Quelle que soit la méthode retenue, le financement d'un plan de relance se révèle au final coûter bien plus cher à long terme aux agents économiques que ce qu'il apporte à court terme. La relance, c'est l'opium des états.
Le problème des comportements induits
Les plans de relance, en ce sens qu'ils sont le plus souvent sectoriels, tendent généralement à orienter la dépense privée (celle qui reste possible après les impôts...) vers les biens subventionnés au détriment de ceux qui ne le sont pas: si le gouvernement subventionne les automobiles, c'est le moment d'en acheter une, et de remettre à plus tard d'autres achats. Cela tend à renforcer l'effet de mauvaise allocation des ressources décrit plus haut.

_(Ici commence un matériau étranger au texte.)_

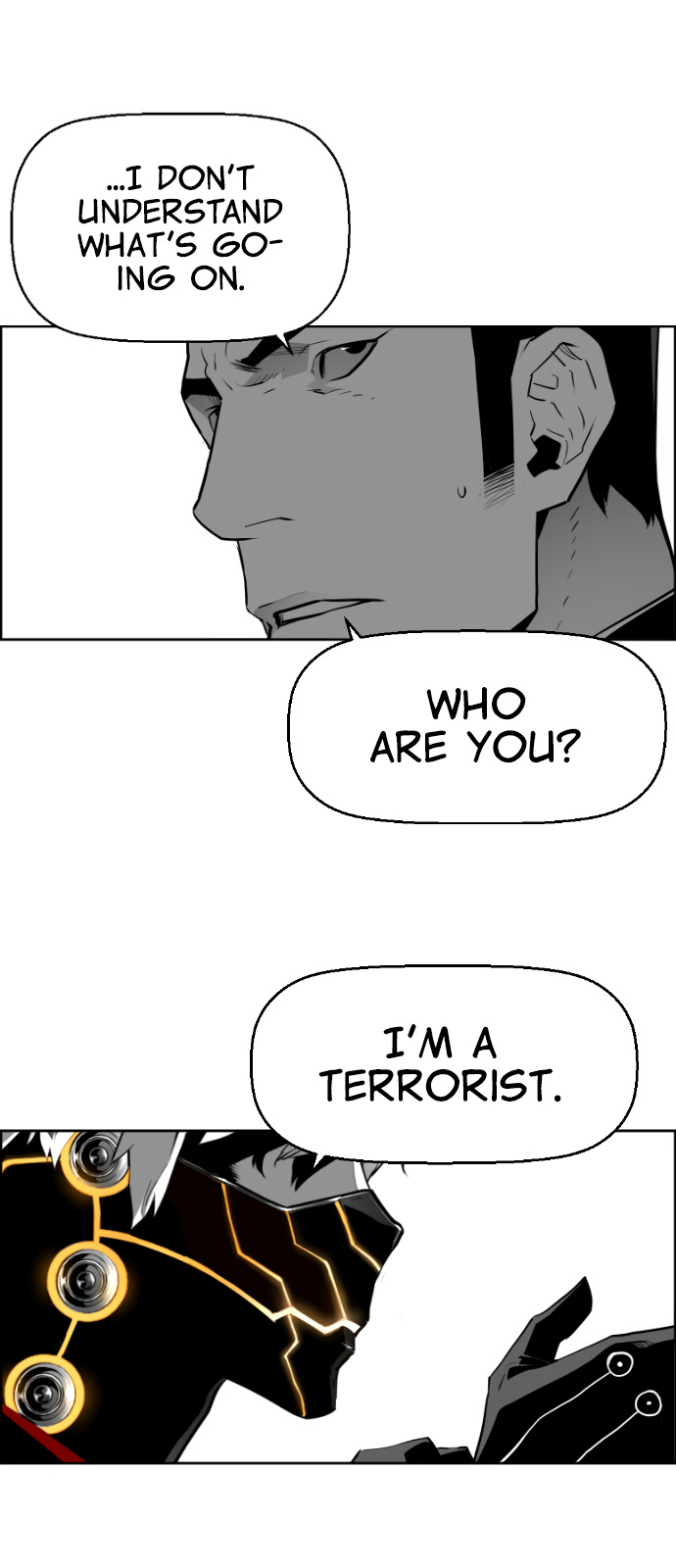 Terror Man - Chapter 187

En outre, les entreprises ont alors intérêt à consacrer plus d'énergie à devenir bénéficiaires de largesses qu'à mieux satisfaire leurs clients. Aussi, elles tendent à réduire leurs efforts d'amélioration au profit du lobbying, d'où une moindre propension des entreprises à améliorer leur offre: celles qui sont subventionnées parce que l'aide de l'état accroît sans effort la demande, celles qui ne le sont pas parce qu'a contrario leur demande baisse, réduisant leur espoir de retour sur investissement.
Par conséquent, le processus d'amélioration constante de l'offre qui tend à augmenter continuellement notre pouvoir d'achat, en renouvelant l'offre disponible tant en qualité qu'en coût, se trouve ralenti.
Or, le seul moyen de renverser les comportements "excessivement" prudents des consommateurs est que l'offre des entreprises s'améliore dans de telles proportions (en nouveauté ou en prix) que les ménages se disent qu'il est trop dommage de rester sur la réserve et qu'il "faut y aller". Bref, la séduction de l'offre est le remède le plus efficace contre la morosité des agents économiques. Voilà qui n'étonnera guère.
Nous voyons donc que la relance par la dépense publique tend à inhiber ces évolutions comportementales, retardant la sortie de la crise.
Le faux problème de l'épargne
Keynes voyait dans l'épargne un ennemi, et pensait que le rôle de l'état en temps de crise était de favoriser la consommation des ménages. Il avait évidemment tort.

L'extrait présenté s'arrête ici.